Pitchfork
77
Your first thought, launching into the opening song on Davy Kehoe’s debut mini-album, Short Passing Game, may be that you’re listening to it at 45 instead of 33. It’s ridiculously fast, almost too fast: The drum machine tumbles in a syncopated, breakneck blur, shuddering like a washing machine at the furious peak of its spin cycle. The rhythm approximates krautrock’s motorik pulse but sped up until it throws off sparks. On electric bass, a one-note refrain is thumbed with such relentless determination you can practically see the blood spattered on the pick guard. Do not adjust your turntable; there’s nothing wrong with the playback speed. This is the Irish producer Davy Kehoe’s strange and exhilarating vision of electronic music, poised somewhere between Suicide and Neu!, slathered in harmonica and dub delay, and shuddering like a train about to go off the rails.
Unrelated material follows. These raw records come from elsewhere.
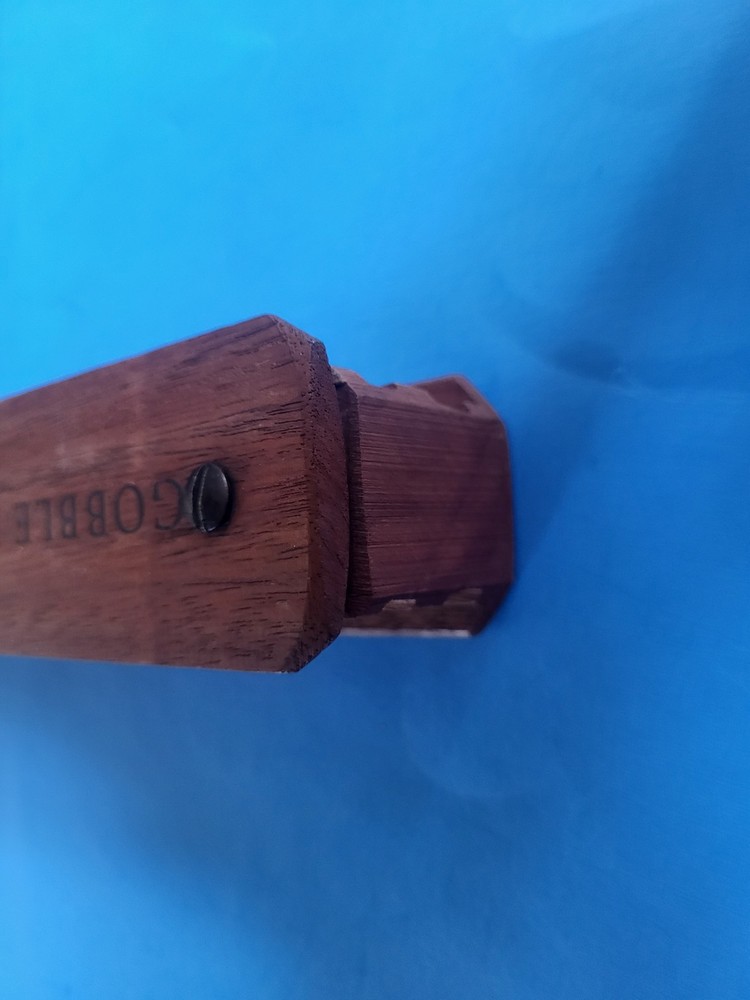 Lynch Gobble Box Turkey Call Model 103G
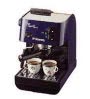 Кофеварка Saeco Via Venezia Espresso Кофеварка Saeco Via Venezia Espresso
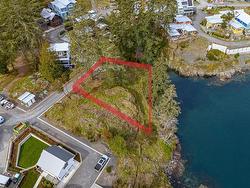 800 Sunset Pt  Sooke, BC V9Z 1N6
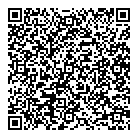 Giffin Canada QR Card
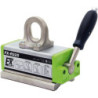 Aimants de levage FX-R450 FLAIG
Kehoe’s album comes to us via Dublin’s Wah Wah Wino, a fledgling imprint that is only slightly less mysterious than Kehoe himself. Until now, the label has been known mainly for wonky, off-kilter electronic music that’s up to its elbows in haywire buzz and squelch. Its four ambiguously credited records so far have mostly been collaboratively produced by label heads Omid Geadizadeh, Olmo Devin, and Morgan Buckley, with assists from various friends, including Kehoe. Short Passing Game, which features input from Geadizadeh and Buckley along with Seán Mac Erlaine and Cloud Castle Lake’s Brendan Jenkinson, reinforces Wino’s rep as a home for strange sounds that don’t fit anywhere else. But it also introduces a new factor into play, something approaching a kind of virtuosity.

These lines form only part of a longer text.